The first step of the parsing process splits the file into individual lines by just using a StreamReader object and calling ReadLine until it's through the file. However, any given line might contain a quoted (in single quotes) literal with embedded newlines. I need to find those newlines and convert them temporarily into some other kind of token or escape sequence until I've split the file into an array of lines..then I can change them back.
Example input data:
1,2,10,99,'Some text without a newline', true, false, 90
2,1,11,98,'This text has an embedded newline
and continues here', true, true, 90
I could write all of the C# code needed to do this by using string.IndexOf to find the quoted sections and look within them for newlines, but I'm thinking a Regex might be a better choice (i.e. now I have two problems)
Since this isn't a true CSV file, does it have any sort of schema?
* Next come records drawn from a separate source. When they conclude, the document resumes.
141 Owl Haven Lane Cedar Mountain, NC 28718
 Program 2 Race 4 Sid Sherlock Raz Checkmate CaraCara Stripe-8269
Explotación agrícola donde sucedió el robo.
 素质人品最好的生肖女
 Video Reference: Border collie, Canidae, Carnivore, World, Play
From your example, it looks like you have:
int, int, int, int, string , bool, bool, int
With that making up your record / object.
Assuming that your data is well formed (I don't know enough about your source to know how valid this assumption is); you could:
Read your line.
Use a state machine to parse your data.
If your line ends, and you're parsing a string, read the next line..and keep parsing.
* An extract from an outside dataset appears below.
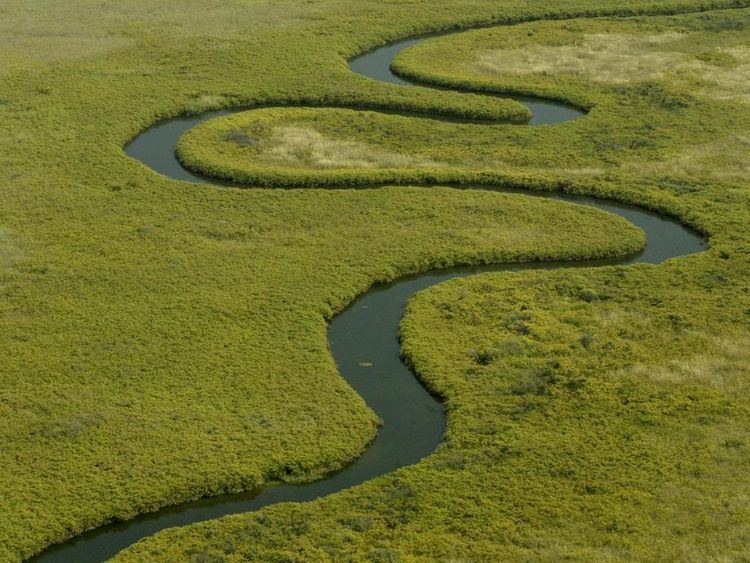 Okavango River allafricafactscomwpcontentuploads201408okav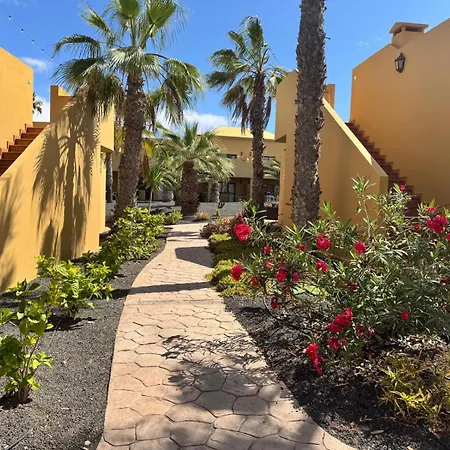 Oasis Papagayo Relax Κοραλέχο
I'd avoid using a regex if possible.
State-machines for doing such a job are made easy using C# 2.0 iterators. Here's hopefully the last CSV parser I'll ever write. The whole file is treated as a enumerable bunch of enumerable strings, i.e. rows/columns. IEnumerable is great because it can then be processed by LINQ operators.
public class CsvParser
{
public char FieldDelimiter { get; set; }
public CsvParser()
: this(',')
{
}
public CsvParser(char fieldDelimiter)
{
FieldDelimiter = fieldDelimiter;
}
public IEnumerable<IEnumerable<string>> Parse(string text)
{
return Parse(new StringReader(text));
}
public IEnumerable<IEnumerable<string>> Parse(TextReader reader)
{
while (reader.Peek() != -1)
yield return parseLine(reader);
}
IEnumerable<string> parseLine(TextReader reader)
{
bool insideQuotes = false;
StringBuilder item = new StringBuilder();
while (reader.Peek() != -1)
{
char ch = (char)reader.Read();
char? nextCh = reader.Peek() > -1 ? (char)reader.Peek() : (char?)null;
if (!insideQuotes && ch == FieldDelimiter)
{
yield return item.ToString();
item.Length = 0;
}
else if (!insideQuotes && ch == '\r' && nextCh == '\n') //CRLF
{
reader.Read(); // skip LF
break;
}
else if (!insideQuotes && ch == '\n') //LF for *nix-style line endings
break;
else if (ch == '"' && nextCh == '"') // escaped quotes ""
{
item.Append('"');
reader.Read(); // skip next "
}
else if (ch == '"')
insideQuotes = !insideQuotes;
else
item.Append(ch);
}
// last one
yield return item.ToString();
}
}
Note that the file is read character by character with the code deciding when newlines are to be treated as row delimiters or part of a quoted string.
What if you got the whole file into a variable then split that based on non-quoted newlines?
EDIT: Sorry, I've misinterpreted your post. If you're looking for a regex, then here is one:
content = Regex.Replace(content, "'([^']*)\n([^']*)'", "'\1TOKEN\2'");
There might be edge cases and that two problems but I think it should be ok most of the time. What the Regex does is that it first finds any pair of single quotes that has \n between it and replace that \n with TOKEN preserving any text in-between.
But still, I'd go state machine like what #bryansh explained below.